__WHAT TO WORK ON__. When checking the entries below, count every line with the word "фото", then give only that number.

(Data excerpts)
--- START ---

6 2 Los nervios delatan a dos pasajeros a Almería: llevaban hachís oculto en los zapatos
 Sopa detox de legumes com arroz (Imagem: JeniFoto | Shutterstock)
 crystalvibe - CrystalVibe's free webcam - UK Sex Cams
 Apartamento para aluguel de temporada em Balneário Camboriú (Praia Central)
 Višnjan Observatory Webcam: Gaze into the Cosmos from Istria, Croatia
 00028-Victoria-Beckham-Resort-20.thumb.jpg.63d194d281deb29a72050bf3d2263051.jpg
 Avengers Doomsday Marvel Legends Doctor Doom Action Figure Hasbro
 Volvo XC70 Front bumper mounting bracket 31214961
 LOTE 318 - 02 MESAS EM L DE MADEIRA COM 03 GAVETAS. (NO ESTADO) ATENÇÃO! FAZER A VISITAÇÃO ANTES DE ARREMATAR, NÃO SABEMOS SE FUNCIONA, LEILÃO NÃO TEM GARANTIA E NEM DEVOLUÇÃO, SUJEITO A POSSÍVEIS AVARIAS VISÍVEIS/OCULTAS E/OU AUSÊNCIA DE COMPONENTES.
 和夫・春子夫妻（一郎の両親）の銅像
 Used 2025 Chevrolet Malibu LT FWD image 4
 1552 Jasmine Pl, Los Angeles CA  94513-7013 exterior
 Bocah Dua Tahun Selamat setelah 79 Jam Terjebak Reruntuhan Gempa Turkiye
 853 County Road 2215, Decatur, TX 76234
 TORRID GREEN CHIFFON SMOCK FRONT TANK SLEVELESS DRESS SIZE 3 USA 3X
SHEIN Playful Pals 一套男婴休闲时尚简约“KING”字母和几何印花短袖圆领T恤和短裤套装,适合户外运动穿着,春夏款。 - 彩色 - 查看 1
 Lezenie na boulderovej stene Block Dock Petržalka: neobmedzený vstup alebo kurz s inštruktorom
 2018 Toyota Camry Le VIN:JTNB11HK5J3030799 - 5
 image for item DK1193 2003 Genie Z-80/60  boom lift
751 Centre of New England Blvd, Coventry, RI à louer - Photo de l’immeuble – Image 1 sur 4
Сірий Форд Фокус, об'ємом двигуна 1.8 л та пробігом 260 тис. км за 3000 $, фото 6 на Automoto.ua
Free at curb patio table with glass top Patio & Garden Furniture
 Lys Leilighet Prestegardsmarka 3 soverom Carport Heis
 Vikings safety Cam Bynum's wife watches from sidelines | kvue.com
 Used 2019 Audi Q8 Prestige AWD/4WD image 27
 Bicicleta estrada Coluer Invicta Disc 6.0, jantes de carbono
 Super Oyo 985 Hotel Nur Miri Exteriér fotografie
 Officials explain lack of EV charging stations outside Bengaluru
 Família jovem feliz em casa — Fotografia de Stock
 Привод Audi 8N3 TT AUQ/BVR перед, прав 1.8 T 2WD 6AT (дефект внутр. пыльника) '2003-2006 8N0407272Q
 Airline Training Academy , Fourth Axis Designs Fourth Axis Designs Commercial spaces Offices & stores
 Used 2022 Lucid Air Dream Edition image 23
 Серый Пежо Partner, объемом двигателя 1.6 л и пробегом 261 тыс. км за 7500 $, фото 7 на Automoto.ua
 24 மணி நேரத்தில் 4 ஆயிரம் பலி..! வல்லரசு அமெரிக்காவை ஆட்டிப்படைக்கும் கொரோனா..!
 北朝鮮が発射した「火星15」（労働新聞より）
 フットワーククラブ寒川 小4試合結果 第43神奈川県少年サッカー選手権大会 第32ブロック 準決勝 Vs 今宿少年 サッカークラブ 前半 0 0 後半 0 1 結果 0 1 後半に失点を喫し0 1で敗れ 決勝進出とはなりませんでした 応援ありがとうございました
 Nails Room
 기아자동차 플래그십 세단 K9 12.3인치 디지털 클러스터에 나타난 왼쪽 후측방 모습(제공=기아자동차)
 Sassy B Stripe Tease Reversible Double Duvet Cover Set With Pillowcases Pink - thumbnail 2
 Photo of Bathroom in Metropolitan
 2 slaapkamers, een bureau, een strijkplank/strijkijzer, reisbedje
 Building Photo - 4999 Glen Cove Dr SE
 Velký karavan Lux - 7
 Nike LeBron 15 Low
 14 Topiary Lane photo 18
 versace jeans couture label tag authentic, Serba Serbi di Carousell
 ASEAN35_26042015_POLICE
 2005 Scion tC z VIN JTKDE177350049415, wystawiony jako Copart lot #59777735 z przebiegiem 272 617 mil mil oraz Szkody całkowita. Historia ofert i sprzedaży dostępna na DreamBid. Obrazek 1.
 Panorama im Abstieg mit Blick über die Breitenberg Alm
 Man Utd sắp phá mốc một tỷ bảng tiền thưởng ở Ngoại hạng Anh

--- END ---

__REPLY__. 2